Like her.
And it worked. Mostly.
But the stack of pages she’d hid from him burned into the skin of her back.
“You shouldn’t be in here,” he growled.
Her brow creased. “And why is that? It’s the best room in the entire house.” The only one that made her feel like home.
He crossed his arms, looking from her to the desk and back. “My business manager is supposed to keep this door locked.”
“We’re in some dream world, Nick. I don’t think anything is locked.” She tried to walk by him, but he gripped her arm.
“This. Room. Is. Off. Limits.”
She ripped her arm from his grasp. “You can’t control where I go. This is my house too.”
“Was. It was your house. You sold it, remember?”
She’d never forget. “There is a reason I’m here, Nick.” She bit off his name like a curse as she shoved him out of her way and marched to the door. “You’re welcome for breakfast, by the way.”
Her lungs gasped for air by the time she made it to her room and shut the door, leaning back against it for just a moment.
Pushing away from the solid wood, she pulled out the screenplay and tossed it onto the bed. It had obviously been hidden for a reason. If Nick just kept the screenplays sent to him, there’d have been more.
And she couldn’t remember this movie ever being made. She wouldn’t admit it, but she knew every single one of his movies.
There was no Don’t Forget Me.
Did she have a right to read it? Something made her take it, but to invade his privacy by reading it was something else entirely. Maybe it revealed things about him he didn’t want anyone to know.
Maybe he was a bigot.
Or hated puppies.
“Don’t forget me,” she whispered. Maybe it went deeper than puppies, some other secret.
But who was this Stephen?
And why did Elizabeth feel like that question was just as important as the content in the pages?
“I can’t.” She shook her head. It wasn’t right.
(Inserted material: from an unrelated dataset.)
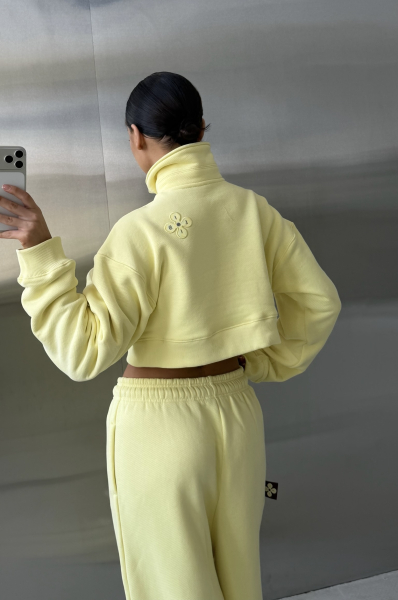 Свитшот поло укороченный Label .B, цвет: Светло-желтый,  купить онлайн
Picking up the screenplay, she walked to the closet to hide her thievery among the teen clothing. When she emerged, she realized she needed to do something with the pent-up angst inside of her.
The worry.
The fears.
And the best way she knew how… writing. Not books or blog posts. Letters. She’d started it when she had cancer, writing letters every day that Evie and Owen would get if she didn’t make it.
This was no different, except that the kids wouldn’t receive these. The ritual was for her.
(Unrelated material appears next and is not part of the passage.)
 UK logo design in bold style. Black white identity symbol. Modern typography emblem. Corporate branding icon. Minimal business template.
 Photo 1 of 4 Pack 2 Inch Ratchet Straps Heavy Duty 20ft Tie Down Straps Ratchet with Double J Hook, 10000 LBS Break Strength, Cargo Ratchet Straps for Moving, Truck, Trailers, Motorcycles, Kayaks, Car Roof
Retrieving a notebook and pen from the desk in the corner of her room, she laughed when she saw the boy band gracing the cover. She really had been obsessed as a kid.
Sitting back on the bed, she closed her eyes, picturing two little faces. Even without her, Evelyn and Owen would have a happy childhood. Her dad would see to it.
But she’d be lying if she said the thought of not seeing that childhood didn’t terrify her.